# DSL via Fernschaltung



## Miracoly (1. Dezember 2009)

Hi,

wieder habe ich eine Frage, diesmal zu einem etwas anderen Thema. Ich kämpfe schon seit einiger Zeit mit meinem seeehr bescheidenen I-net, das liegt daran dass ich mehr oder weniger in einem Dorf wohne. Ich hab jetzt mal ein bissl recherchiert was denn so möglich wäre, bin dann bei dem Anbieter 1&1 auf einen Anschluss via Fernschaltung gestoßen. Bei mir sei das Netz noch nicht so ausgebaut aber per Fernschlatung wäre es möglich. Das bedeutet, dass ich für einen Aufpreis von 4.99 Euro/Monat meinen gewünschten Tarif bekomme. Ich würd nun gern wissen ob hier jemand schon Erfahrungen damit gemacht hat bzw. obs gut klappt und wie das ganze genau funktioniert. 

Gruß,
Miracoly


----------



## Kyragan (1. Dezember 2009)

Gewünschten Tarif bekommen != auch so viel aus der Leitung kriegen.
Ich wär da vorsichtig. Schau mal in diesen "Anschlusschecker" von der Telekom rein. Das Tool zeigt dir an, was bei dir maximal verfügbar ist. Wenn du bei der T-Com maximal DSL 2000 bekommst, wird das bei 1&1 und Co nicht anders sein.


----------



## Wagga (1. Dezember 2009)

Ja,  nimm den Rat von Kyragan an.
Die Verkaufen einfach DSL 16.000 unabhängig davon ob du es auch bekommen kannst.
Prüfe es bitte mit dem Telekom DSL Checker, mit dem 1&1 Checker und einem unabhängigen DSLchecker wie z.b:
www.wie-ist-meine-ip.de

Viel Glück und Spaß im Internet


----------



## Independent (2. Dezember 2009)

Bei der Telekom würde ich nicht checken, denn die schalten sehr gering.

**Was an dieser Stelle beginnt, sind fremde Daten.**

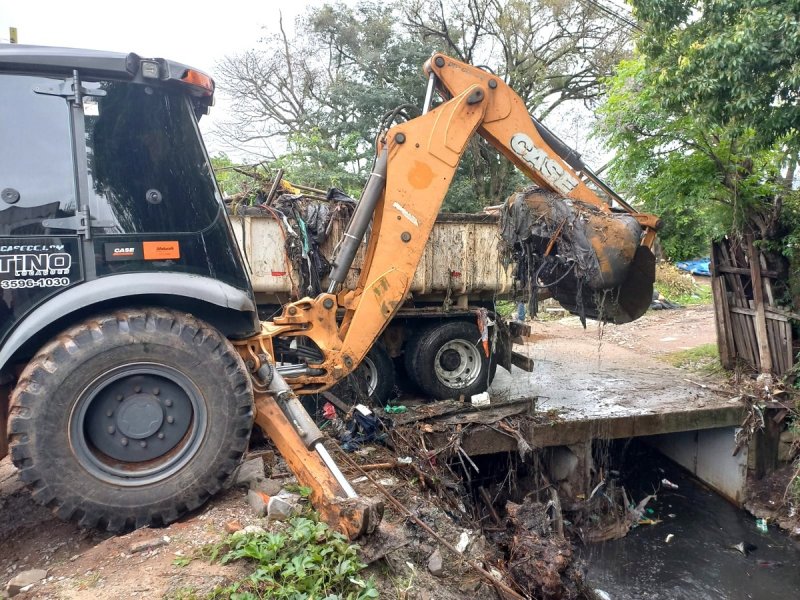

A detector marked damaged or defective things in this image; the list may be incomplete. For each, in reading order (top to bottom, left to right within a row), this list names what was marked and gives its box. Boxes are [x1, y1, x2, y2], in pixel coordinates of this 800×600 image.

rusted metal scrap [500, 188, 656, 326]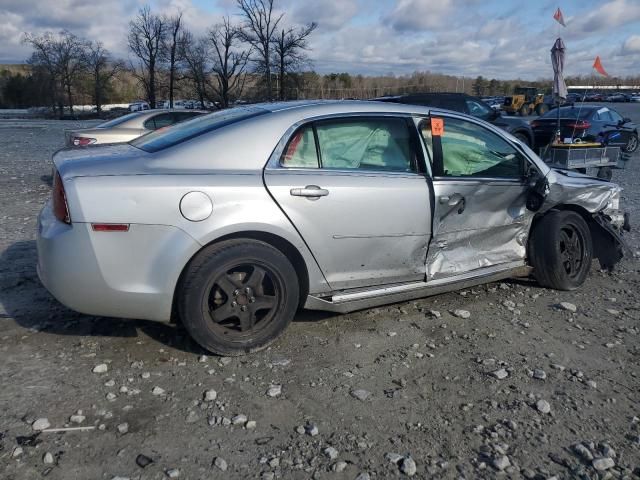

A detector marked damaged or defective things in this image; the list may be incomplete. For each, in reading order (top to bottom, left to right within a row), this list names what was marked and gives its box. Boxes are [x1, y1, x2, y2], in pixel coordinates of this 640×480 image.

shattered window [316, 118, 416, 172]
shattered window [432, 117, 524, 177]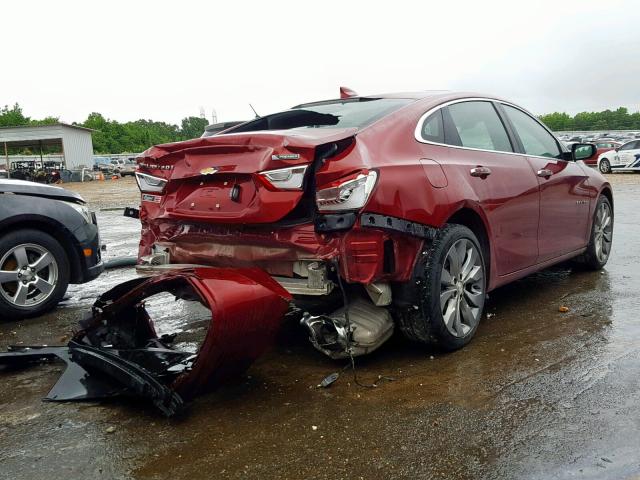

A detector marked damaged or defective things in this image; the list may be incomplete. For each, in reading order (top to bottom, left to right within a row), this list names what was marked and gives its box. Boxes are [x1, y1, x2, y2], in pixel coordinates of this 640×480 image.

crumpled trunk lid [138, 128, 358, 224]
broken taillight [314, 171, 376, 212]
damaged maroon sedan [135, 90, 616, 352]
detached rear bumper cover [0, 266, 290, 416]
torn sheet metal [0, 266, 290, 416]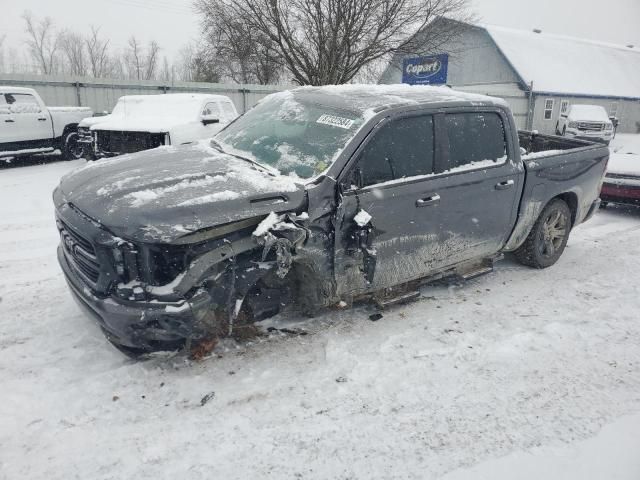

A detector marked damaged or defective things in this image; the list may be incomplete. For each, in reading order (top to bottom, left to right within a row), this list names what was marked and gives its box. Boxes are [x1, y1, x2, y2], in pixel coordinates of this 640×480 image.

broken bumper [58, 246, 212, 350]
damaged gray pickup truck [52, 85, 608, 356]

Bei mir ist laut Telekom gerade mal DSL 384 möglich und Freenet schaltet mich dennoch mit konstanten.

Down: 1790 Up: 800


Die Telekom schaltet einfach zu langsam..der Support ist allerdings Super.


----------



## Ennia (2. Dezember 2009)

Hier kannst du mal sehen, wie rapide die Übertragungsgeschindigkeit bei ADSL und ADSL2 fällt, je weiter das Wählamt entfernt ist.
Nie wieder würd ich einen Vertrag bei einem ISP abschließen, der das Internet über die Telefonleitung einspeist.




			Dieser Inhalt steht nur eingeloggten Mitgliedern zur Verfügung.
        


Quelle: ELKO


----------



## Magexe (2. Dezember 2009)

geh mal auf kabeldeutschland.de und check da ob die dir ne leitung andrehen können...
hab auch in nem kaff gewohnt und mein Haus war bei kilometer 6 des nächsten verteilers (TU München Nord) naja Telekom DSL 384...andere Anbieter gingen nicht wegen ein paar finanziellen problemchen.

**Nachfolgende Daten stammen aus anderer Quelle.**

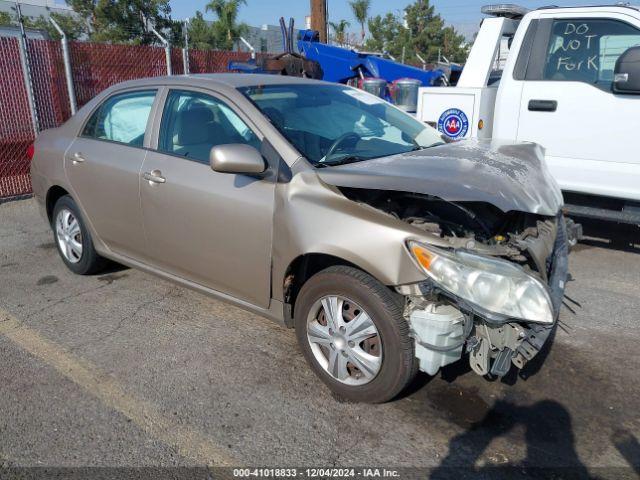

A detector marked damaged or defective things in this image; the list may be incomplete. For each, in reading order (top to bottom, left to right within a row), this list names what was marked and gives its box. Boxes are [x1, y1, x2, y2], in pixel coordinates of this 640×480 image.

damaged gold sedan [30, 75, 572, 404]
cracked pavement [0, 199, 636, 476]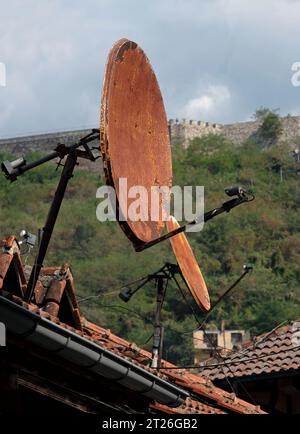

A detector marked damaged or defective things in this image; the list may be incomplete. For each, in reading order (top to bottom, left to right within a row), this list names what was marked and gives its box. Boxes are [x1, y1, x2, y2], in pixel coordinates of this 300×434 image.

rust stain on dish [100, 39, 172, 246]
rusty satellite dish [100, 38, 172, 248]
large rusty satellite dish [100, 39, 172, 248]
large rusty satellite dish [166, 216, 211, 312]
rusty satellite dish [166, 216, 211, 312]
rust stain on dish [166, 216, 211, 312]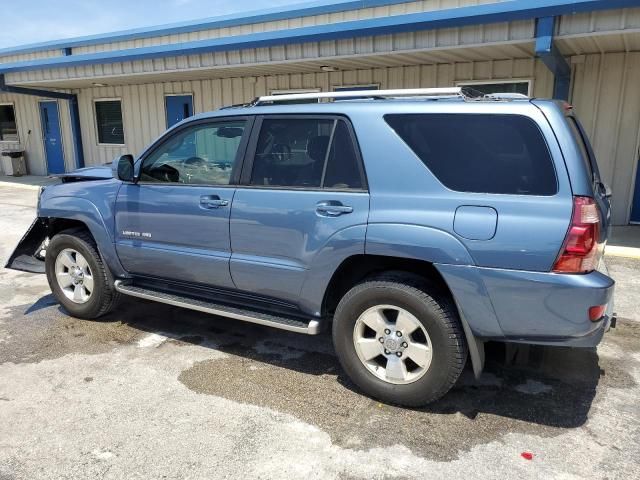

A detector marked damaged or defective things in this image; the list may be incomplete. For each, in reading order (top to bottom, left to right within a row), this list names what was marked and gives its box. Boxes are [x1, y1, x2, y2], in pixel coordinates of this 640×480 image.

damaged front end [3, 218, 49, 274]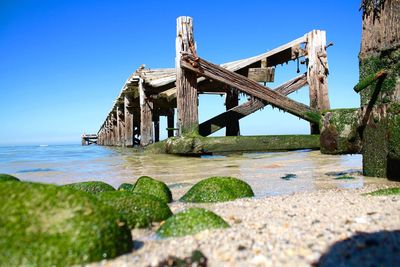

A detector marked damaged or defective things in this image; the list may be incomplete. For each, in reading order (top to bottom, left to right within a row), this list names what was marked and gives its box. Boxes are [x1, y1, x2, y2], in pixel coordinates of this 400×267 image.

broken crossbeam [181, 56, 318, 125]
broken crossbeam [198, 73, 308, 136]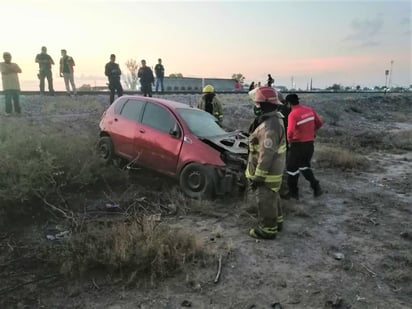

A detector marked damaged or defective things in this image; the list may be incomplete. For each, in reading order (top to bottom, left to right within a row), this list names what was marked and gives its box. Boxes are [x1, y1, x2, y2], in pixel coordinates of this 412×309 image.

damaged hatchback [99, 95, 248, 197]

Bei Kabeldeutschland angefragt und schwupps: 32mbit leitung (ok die kam bei mir im kaff auch "nur" mit 24mbit an und deswegen haben die uns den Tarif verbilligt) jetzt bin ich umgezogen und konnte den alten Tarif einfach mitnehmen.

Also Kabeldeutschland ist die beste alternative gegenüber DSL384 ^^


EDIT: Die anzeige da unten...naja wir wohnen in nem Altbau und da sind die Leitungen nicht der renner und alle nachbarn (10Parteien Reihenhaus) gehen über ein und den selben hauptanschluss ins Internet bzw. schauen TV


----------